Aujourd’hui à 18:44, mis à jour à 18:48

Temps de lecture : 3 min

Arpentant la salle d'audience où siège la cour criminelle de Vaucluse (sud) depuis le 2 septembre, Me Louis-Alain Lemaire a répété qu'il aurait "vivement souhaité un procès à huis clos, pour que les débats n'aient pas été pollués par la 'vox populi'", notamment ces manifestantes qui ont "sali les murs d'Avignon" en y affichant des slogans tels que "Vingt ans pour tous", la peine maximale encourue par les accusés.

L'avocat, qui défend quatre de la cinquantaine d'hommes accusés d'avoir violé Gisèle Pelicot, préalablement sédatée par son désormais ex-mari Dominique à leur domicile de Mazan, reproche au ministère public des réquisitions "déraisonnables, incohérentes et surtout injustes".

"Quelle cohérence?"

"Jacques C., envers qui on ne peut pas retenir un acte de pénétration: 10 années de réclusion.
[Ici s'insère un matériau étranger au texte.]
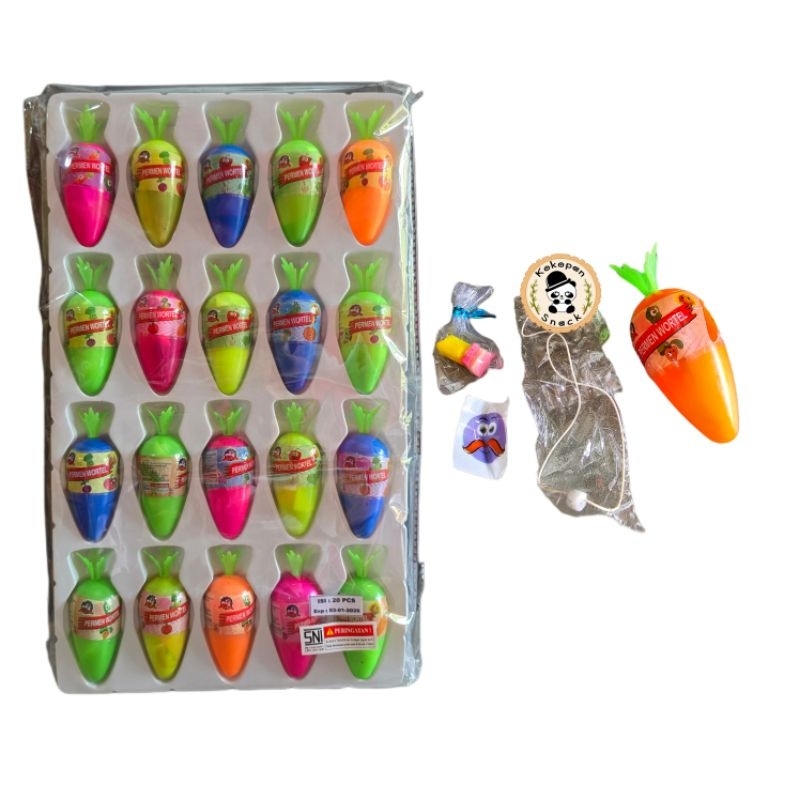 

PLANET WORTEL PERMEN LEMBAR ISI 20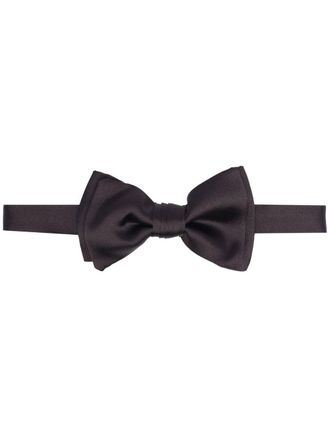 Ferragamo Papillon regolabile - Nero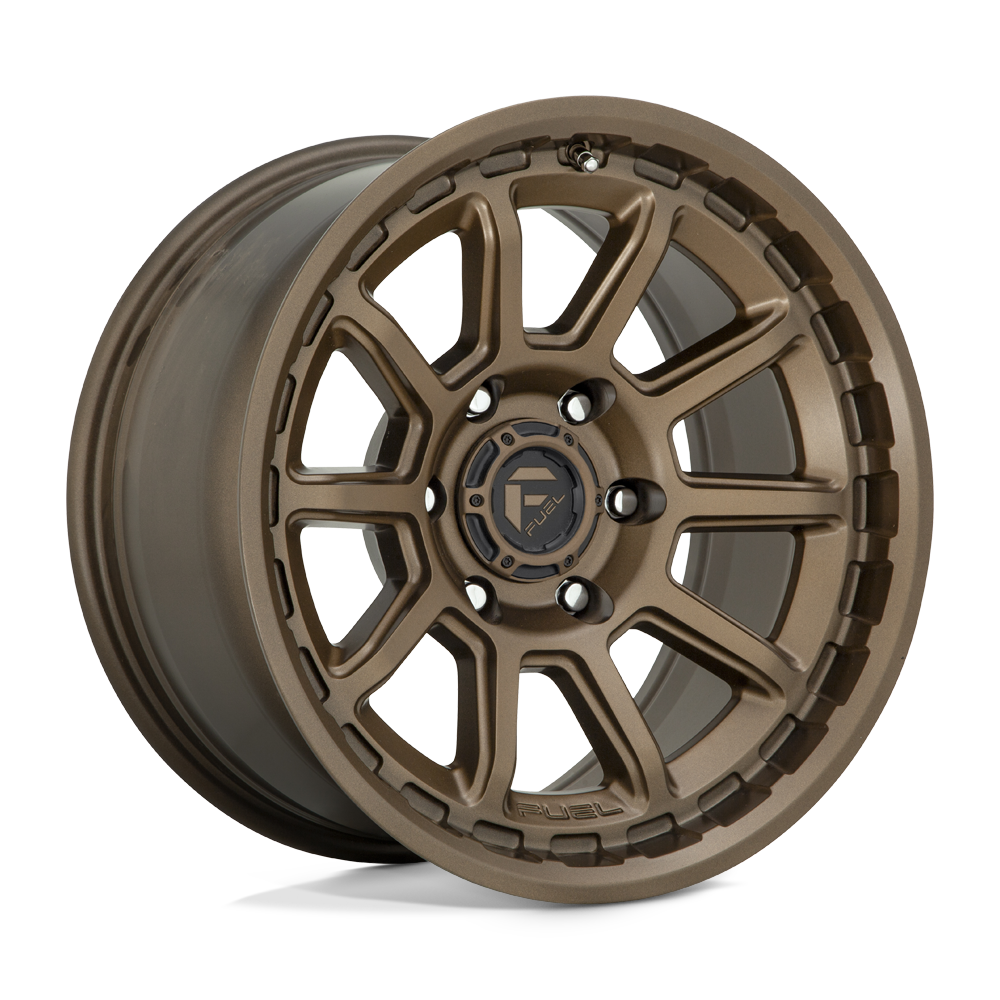 Fuel Offroad D690 TORQUE Matte Bronze 17x9 +01 5x127mm 71.5mm - WheelWiz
Romain V. (venu six fois), 18 ans, à peine deux de moins que pour Dominique Pelicot. Quelle cohérence ? Cendric V., 14 années, Lionel R., 12 ans: quelles proportions ?", a tonné Me Lemaire.

Dominique Pelicot, qui plaide coupable, assure depuis son arrestation en novembre 2020 que tous les hommes venus à Mazan étaient parfaitement au courant qu'il droguait sa femme à son insu, ce que pratiquement tous contestent.

"Génie de la manipulation"

"Celui qui a pu tromper sa propre femme pendant 10 ans, n'a-t-il pas pu également manipuler ces hommes", en leur faisant gober le scénario d'un "couple échangiste à la recherche d'un homme ?", demande Me Lemaire.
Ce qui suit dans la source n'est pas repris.